We were supposed to stay for a week, then move on to Maine. My husband had just dropped out of art school before starting his second year, but we had no plans of what to replace it with. The woman who had opened up her home to us was also an artist, working at a gallery in New York City since graduating from art school, coming up to her new summer home in Vermont as a change from city life. She told us of buying the place because it was as cheap as buying a second-hand car. She’d set up her easel outdoors not far from the house, painting plant life and small details of the landscape all summer long. Friends from the city showing up with shaggy hair and paint-stained clothes would spend a week with her doing the same thing. I had never seen people my age quite like that, content and satisfied with themselves, occupying hours on end by themselves.

We began to draw each other in the evenings before the sun went down and the mosquitoes came out, using each other as models. I had never been given formal training in art, but since it looked so interesting I had to try. My husband gave me pointers on the side as we whispered in the dark under the eaves of the attic bedroom, holding my drawings up to the kerosene lamp to point out a mistake made earlier in the evening. This was bliss for me: a life of surprising events and unusual people in a location that felt wild and backward while taking my breath away with its beauty, alongside a man who claimed me for his own.

When summer came to an end, we were asked if we would stay on as caretakers for the winter. She was worried that a local would burn the place down. There had been a rash of fires the year before, all places owned by summer people, all burning when vacant during the winter. We didn’t hesitate a moment in saying yes, both of us felt so attracted to this northern region, this place which time forgot.

That winter almost killed us. We were totally unprepared for days and weeks of below zero weather, snow drifts climbing up to the first floor windows, no money coming in because local people wouldn’t hire a man who wore his hair long and had skin color darker than most, learning to heat by woodstoves in a house that had no insulation and losing the water because the pipes froze up solid.

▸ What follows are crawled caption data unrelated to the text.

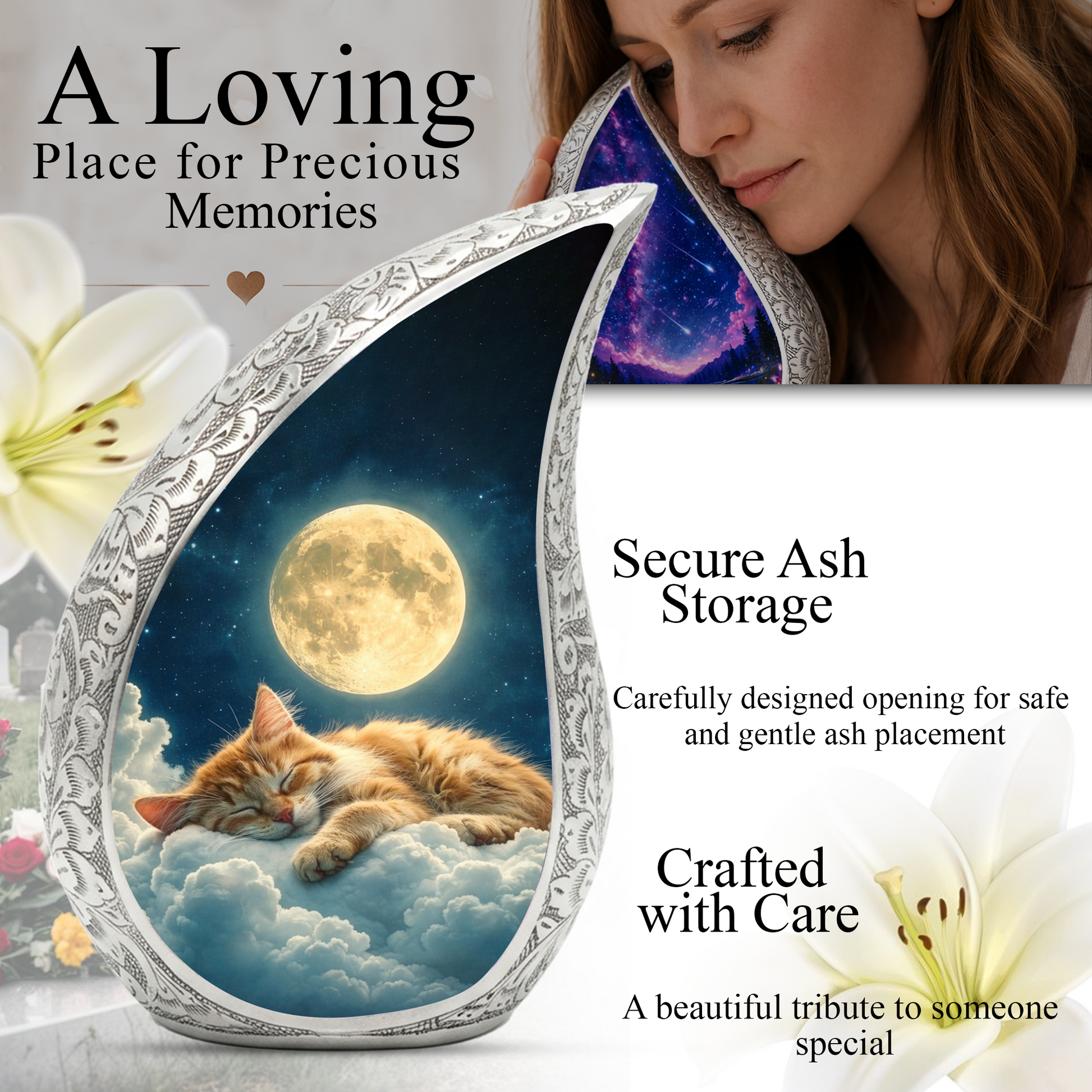 Cat Heaven Urn for Human & Pet Ashes – Personalized Cat Heaven Cremation Urn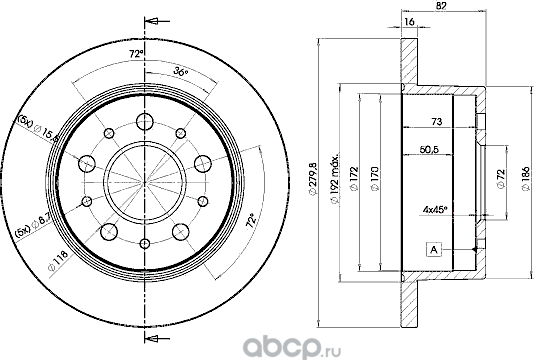 Диск торм. задн. Ducato  Jumper... (Icer). Артикул 78bd3806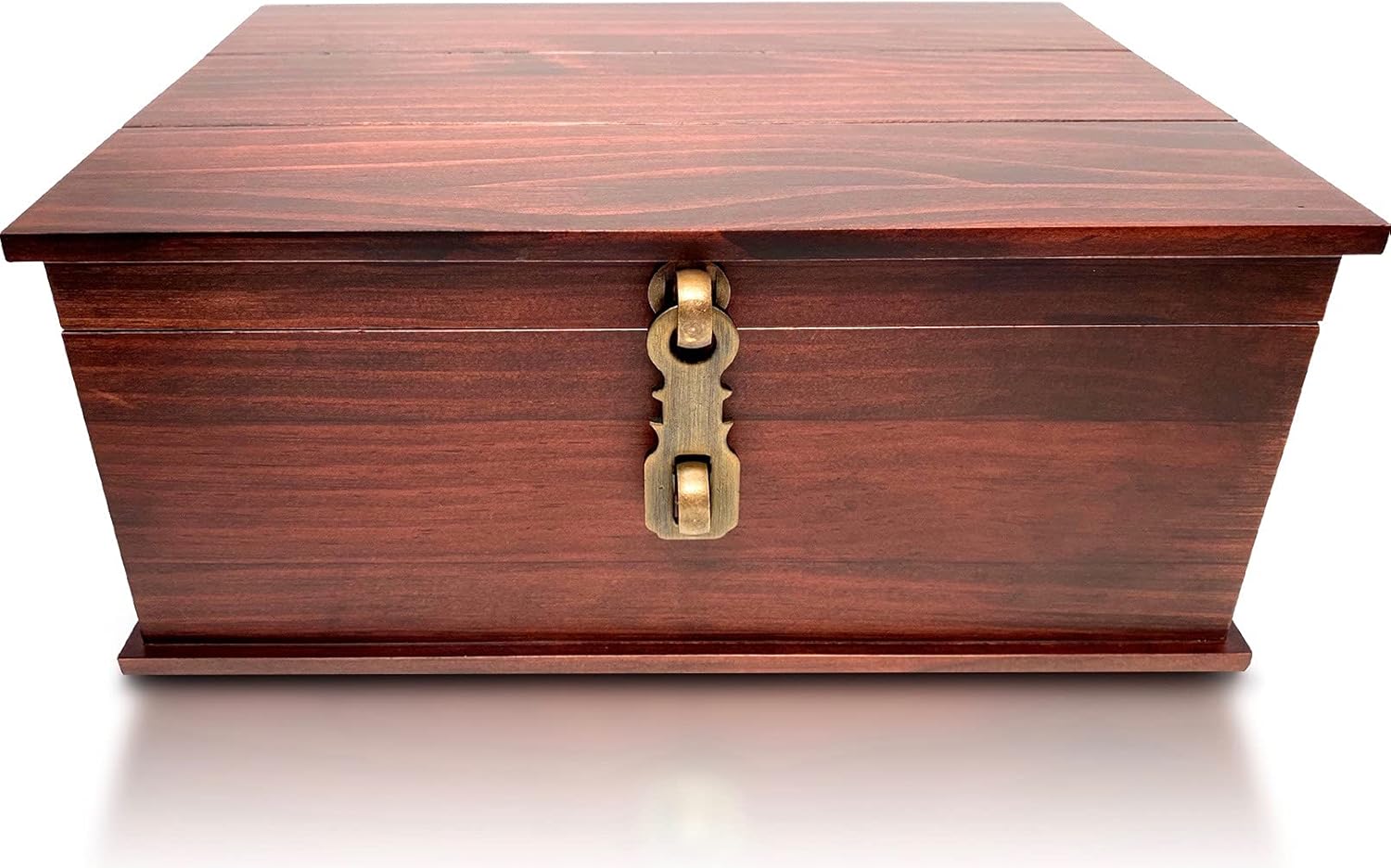 Antique Style Wood Storage Box - Decorative box for Home or Office - Wooden Box with Hinged Lid Keepsake Box with Metal Latch Pack of 2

By Christmas, I was several months pregnant, alternating between morning sickness and tears, scared we would freeze to death during the night as we slept. To have survived that experience and be willing to stay in the area making it our home for many years to come says a great deal of how the lifestyle matched some inner calling of ours. Perhaps it had something to do with reading Thoreau’s On Walden Pond or hearing of Helen and Scott Nearing, an older couple championing self-sufficiency, or as Bob Dylan had sung to us, “the times they are a changing.” What began as a week became seven years of living off the land on back dirt roads in the hills of Vermont, a life that would label me a hippie from neighbors as well as society at large.

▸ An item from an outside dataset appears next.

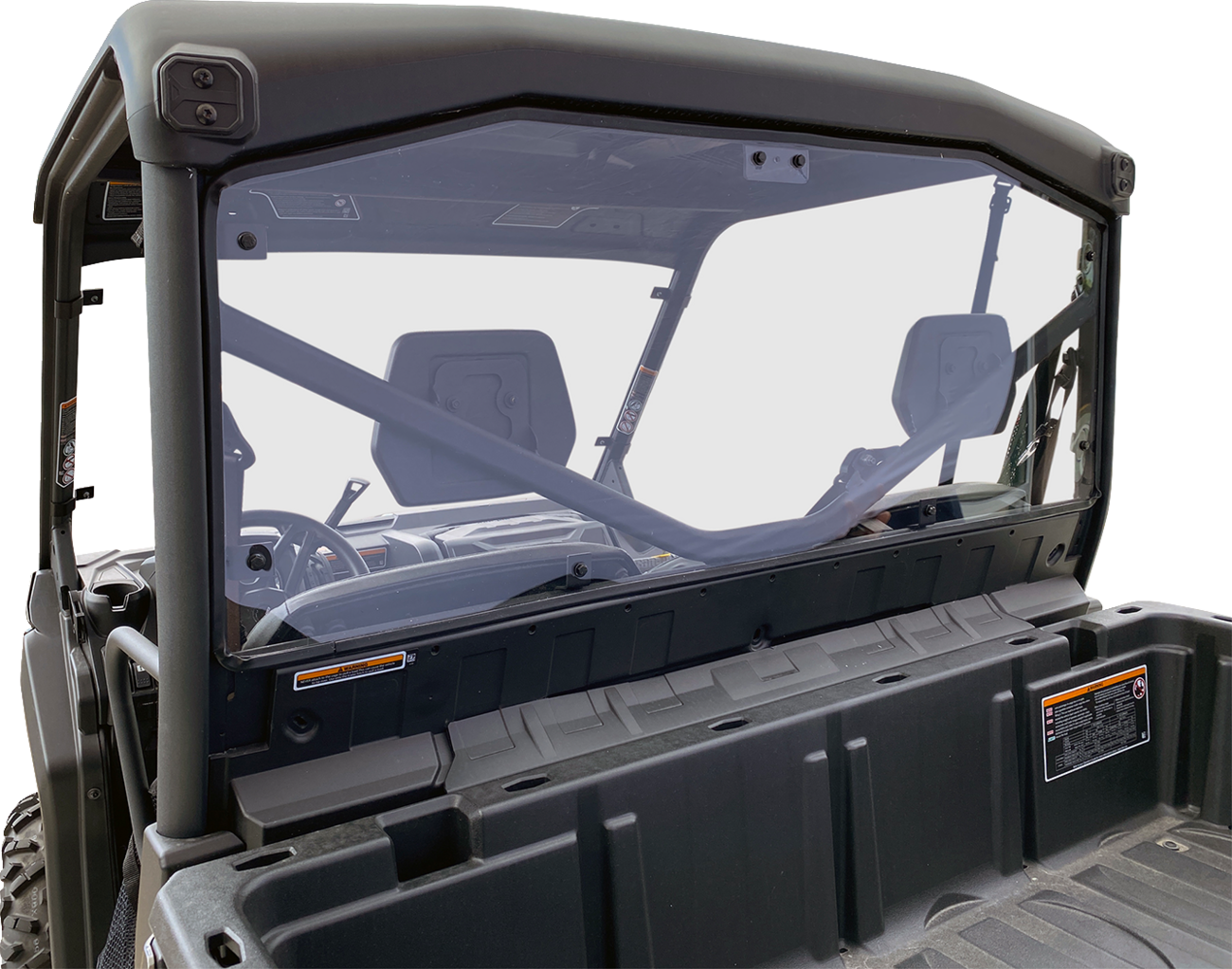MOOSE OFFROAD clear polycarbonate back panel for Can-Am Defender, durable off-road barrier with mounting hardware.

Today, in my mid-fifties, I’ve returned to the northeast portion of Vermont, living as a divorced woman for the past eleven years. Even though I no longer own a house and land, I’ve managed to find rentals that allow me the comfort of vegetable gardens, a cat and an art studio. These are the things I value today: simplicity, living as close to the natural cycles as possible, being creative. I made a conscious decision to live as frugal as possible before leaving my husband of twenty-four years, valuing my freedom a lot more than material consumption. In this respect I’m living very close to the same income that I subsisted on in my twenties. I don’t believe in credit cards, health insurance or pension plans. My work is the mainstay of life so I have no plans to retire or go somewhere exotic when reaching mid sixties. My cup seems to be overflowing to keep me from feeling any thirst for years and years to come.